In general we know that $\( \begin{align} \frac{dy}{dx} &= f(x,y) \\ \int dy &= \int f(x,y) dx\\ y_{i+1} &= y_i + \int f(x,y) dx \end{align}\)$

but remember we have formulae for integration which amounts to weighted sums of the function at different points! We can then expand the right hand side and write a General Linear Multistep formula:

\[ \sum_{j=0}^{s} \alpha_j y_{i+j} = h \sum_{j=0}^{s} \beta_j f(t_{i+j}, y_{i+j}) \]

where the \(\alpha_j\) and \(\beta_j\) coefficients are chosen for accuracy and balance of computation. Note that this indexing is a matter of stype; in general we are interested in the final solution \(y_{i+s}\), and \(\alpha_s=1\) as a matter of normalization and convenience.

##Explicit linear multistep methods

When \(\beta_s = 0\), the final solution, \(y_i+s\) depends only on previous solutions and is therefore explicit.

This scheme is often used to generate a predictor based solely on what has happened before. While a good guess, it must be corrected using some kind of scheme like Heun’s method in order to capture anything that happened during the interval.

This scheme does not handle unevenly spaced steps (a significant shortfall!), and doesn’t self-start. Moreover, explicit single-step methods generally outperform these, and they are seldom used.

Backward Difference Formulae: Implicit linear multistep methods#

If we say \(\beta_{j\ne s}=0\), we arrive at the implicit linear multistep method, better known as the Backward Difference Formulae which is the default for many modern computational tools.

Starting from: \(\frac{dy}{dx} = f(x,y)\), the \(\alpha_j\) coefficients are found from the derivative of a Lagrange interpolation polynomial fit to the distory: \(<x_n, y_n> ... <x_{n+s}, y_{n+s}>\).

The first 5 orders are:

\[\begin{split} \begin{align} y_{n+1}^{(1)} &= y_n + h f(x_{n+1}, y_{n+1})\\ y_{n+1}^{(2)} &= \frac{4}{3} y_n - \frac{1}{3} y_{n-1} + \frac{2}{3} h f(x_{n+1}, y_{n+1})\\ y_{n+1}^{(3)} &= \frac{18}{11} y_n - \frac{9}{11} y_{n-1} + \frac{2}{11} y_{n-2} + \frac{6}{11} h f(x_{n+1}, y_{n+1})\\ y_{n+1}^{(4)} &= \frac{48}{25} y_n - \frac{36}{25} y_{n-1} + \frac{16}{25} y_{n-2} - \frac{3}{25} y_{n-3} + \frac{12}{25} h f(x_{n+1}, y_{n+1})\\ y_{n+1}^{(5)} &= \frac{300}{137} y_n - \frac{300}{137} y_{n-1} + \frac{120}{137} y_{n-2} - \frac{25}{137} y_{n-3} + \frac{12}{137} y_{n-4} + \frac{60}{137} h f(x_{n+1}, y_{n+1}) \end{align} \end{split}\]

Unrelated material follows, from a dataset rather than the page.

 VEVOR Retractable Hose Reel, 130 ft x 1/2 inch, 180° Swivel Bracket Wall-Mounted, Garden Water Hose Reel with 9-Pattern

Note that the Backward Euler method is BDF1.

The benefits of BDFs are:

  • There is no requirement for a constant step size

  • It is implicit and therefore good for stiff equations

  • One can dynamically change between orders to self-start and restart if the physics change.

#Summary of initial value problems

Explicit methods:

  • Easy to calculate.

  • Parallelize well.

  • Suffer from numerical instability.

  • Require small step sizes for stiff equations.

Implicit methods:

  • Computationally intensive (general require root finding / linear systems).

  • Don’t parallelize well.

  • Are much more numerically stable.

  • Can take significantly larger step sizes without diverging.

Systems of equations are natural and ready extensions of the methods.

Reduction of order can be applied to higher order derivatives.

Adaptive time stepping is very important and can be achieved through clever (or brute force) methods without much additional expense.

The explicit Runge-Kutta methods efficiently achieve accurate estimates if numerical instability isn’t a factor.

Implicit RK methods require simultaneous solutoin of several equations which can exponenetially increase the computaitonal cost.

Explicit linear multistep methods have conditions which make them impractical.

Implicit linear multistep (Backward Differential Formulas: BDF) methods have excellent properties while exploiting the solution history.

Dr. Mike’s tips:#

  • Know your physics. If you don’t, go with an adaptive BDF method (the default of most software).

  • If you know your system is not stiff, RK45 is the go-to and you will substantially benefit in computer time.

  • If you know your physics has abrupt changes (e.g.: steps / pulses) consider keeping with Backward Euler - no higher-order accuracy is possible.